Drones that are not so powerful can get lost due to the suction from downdrafts. “But strong drones—for example, the DJI Matrice 600—will power out of this,” Castro said.

Another challenge Castro and his colleagues have faced is highly corrosive gases that can belch from volcanoes, such as sulfuric acid. “This has resulted in the malfunction of the drone’s main control board, which in turn couldn’t be fixed,” Castro said. “Luckily, DJI supported us by replacing our drone with a new one as an effort to continue our collaboration.”

All in all, the high winds, volcanic explosions, corrosive gases and ash their drones may face can compromise the longevity of the unmanned vehicles. This leads Castro and his colleagues to “make sure that we don’t overfly our batteries—that is, return to home with about 20 percent remaining, since voltage can be rapidly drawn down when high winds come and max throttle is needed to ensure stable flight.”

Still, Castro found himself quite surprised “by how well DJI drones operate in the harsh conditions of a volcanic crater,” Castro said. “Mount Etna is 3,200 meters tall, meaning the air is very thin there and that means less lift.” The drones they use “fly as if they are at sea level, albeit with shorter flight times.”

A UAS Designed for Volcanoes

To overcome the many challenges volcanoes can present, Black Swift Technologies in Boulder, Colorado, is now developing an unmanned aerial system (UAS) designed to analyze their emissions. “The system is designed to fly through a volcanic plume and give back near-real-time data,” Co-Founder, President and CEO Jack Elston said.

Elston got his doctorate in aerospace engineering from the University of Colorado at Boulder, where he and his colleagues helped develop the first UAS to officially intercept a supercell thunderstorm, the kind of storm that produces tornadoes. They later applied for and won a Small Business Innovative Research grant from NASA to develop a unique UAS-based soil moisture sensor that got them started as a full-time company. This work led NASA to suggest that Black Swift build an aircraft designed to sample volcanic plumes.

The Black Swift S2 UAS is a single-rotor fixed-wing craft with a 10-foot wingspan and a five pound payload for a total weight of 16 lbs. The drone is designed to be launched by catapult and land on its belly. “The top speed measured so far is 35 meters per second,” Elston said.

The S2’s wings cannot be too big, because volcanoes are typically in remote areas, making it difficult to lug a large aircraft over large distances over rugged terrain. Still, its wings are large enough to help support higher-altitude flights.

“We’re hoping, depending on the altitude, to fly for one hour at 10,000 feet and two to two-and-a-half hours at lower altitudes,” Elston said. “Our goal is for the final design to be able to fly at 20,000 feet.” (This assumes flight using lithium-polymer batteries; gas engines can fly three to four times longer, Elston said.)

The S2 will be equipped with downward-facing regular and thermal cameras to capture images, and a front-facing video camera to help the pilots guide the UAS in real time if needed.
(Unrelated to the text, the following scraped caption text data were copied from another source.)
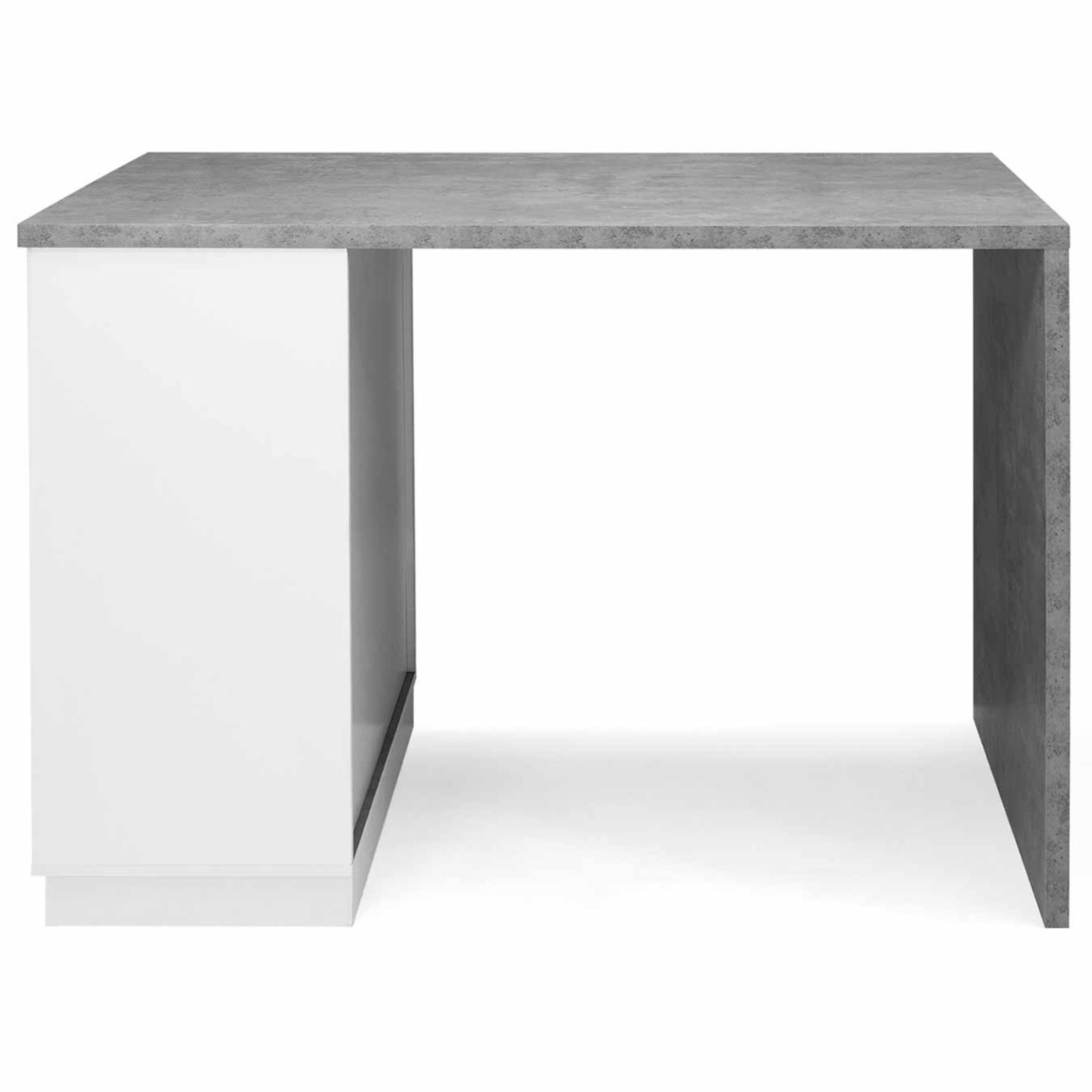 Ilot central mange debout 4 personnes VITO 130 cm blanc et plateau effet béton - 3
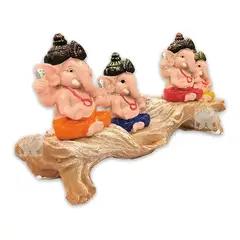 GENERICO - Figura decorativa Ganesh con pedestal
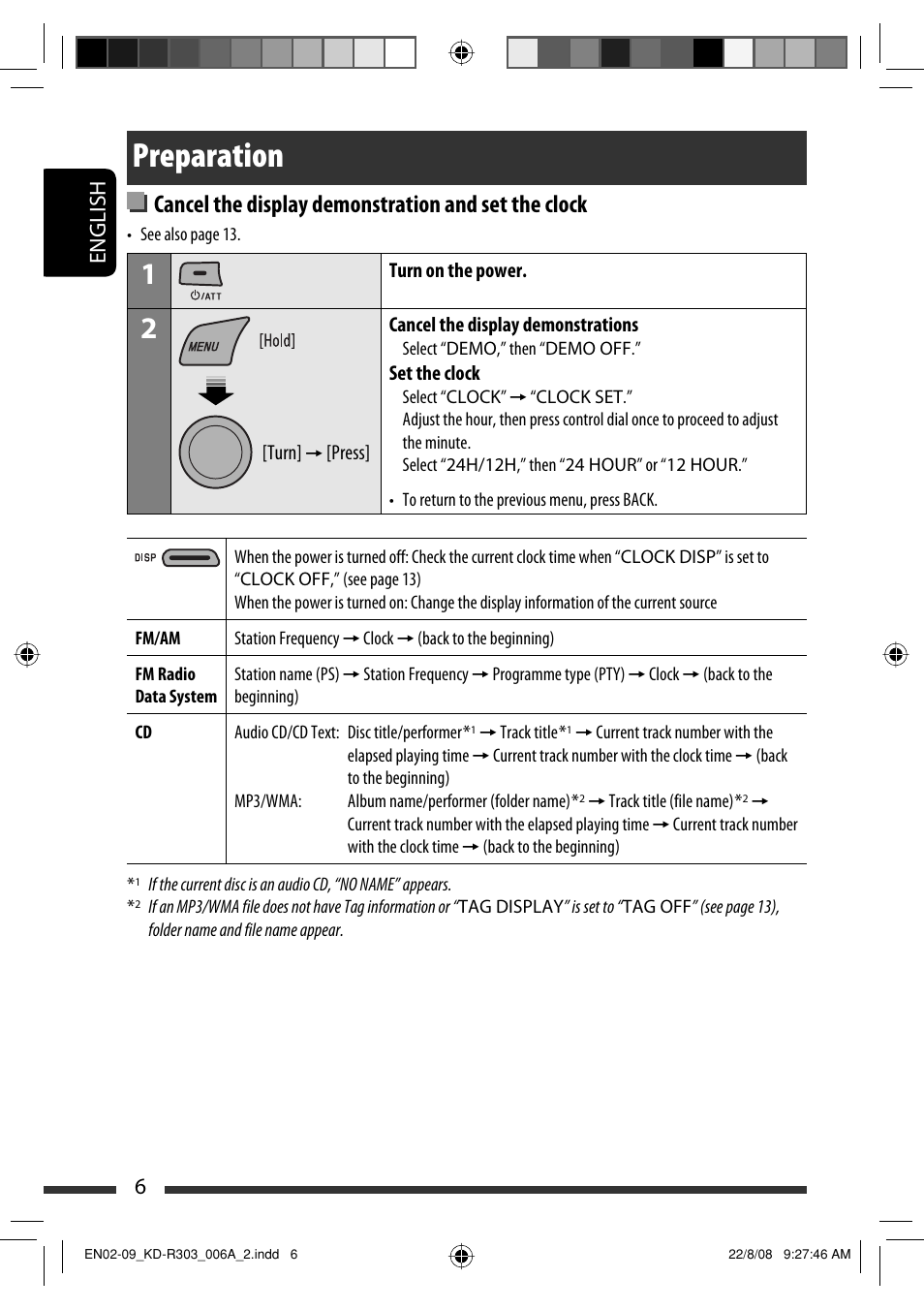 Preparation, Cancel the display demonstration and set the clock, English 6 | JVC KD-R303 User Manual | Page 32 / 148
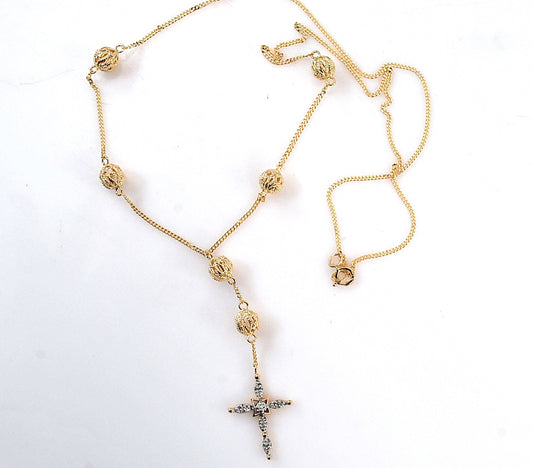 14K Gold Diamond Cross Necklace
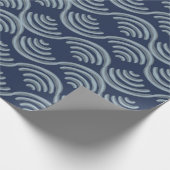 PAPIER CADEAU GIFT WRAPPING PAPER BLUE JAPANESE WAVE PATTERN (Coin)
The drone will also be equipped with sensors for gases such as sulfur dioxide, methane, hydrogen sulfide and carbon dioxide, a nephelometer to scan volcanic particle size and distribution in the plumes, and atmospheric probes to analyze pressure, temperature, humidity, and three-dimensional wind patterns. “Getting a lot of different sensors down to a size where you can put them on a small UAS is not a trivial task,” Elston said.

The UAS can, in principle, go places that are too dangerous for manned aircraft or someone on the ground and get data on how a plume varies at different altitudes—as opposed to satellite observations, which might just capture an average value over its entire column, Elston said. “The idea is to deploy the system as close as one is able to get to the volcano and sample its plumes horizontally and vertically, say by flying to a certain altitude and then spiraling down,” he said.

The researchers designed the control systems for the S2 from the ground up, including hardware, firmware, control algorithms and user interface, Elston said. Mission monitoring is all accomplished via a handheld Android tablet computer.

“We’re adding in a fair amount of autonomy—with the user interface, you can just indicate an area where you’d like to perform sampling, and it will automatically generate a flight plan to do that, with fully autonomous take off and landing,” he said. “The human is in the loop just for the safety of the mission or to redirect the system based on data the researchers see. We’d like to continue to improve the autonomy by adding better reactive ability, such as sensing the terrain and obstacles and avoiding them.”

In addition, Black Swift is in the middle of a NASA-funded effort to use machine-learning algorithms and additional sensors to help make the UAS smarter and safer. “For instance, icing is not always easy to detect, but by looking at the performance of a vehicle and comparing it to its nominal behavior, it can deduce icing based on how the system’s degrading in how well it climbs and how much lift is getting generated,” Elston said. “It can also see if noxious gases may be affecting the UAS by the performance of the motor.”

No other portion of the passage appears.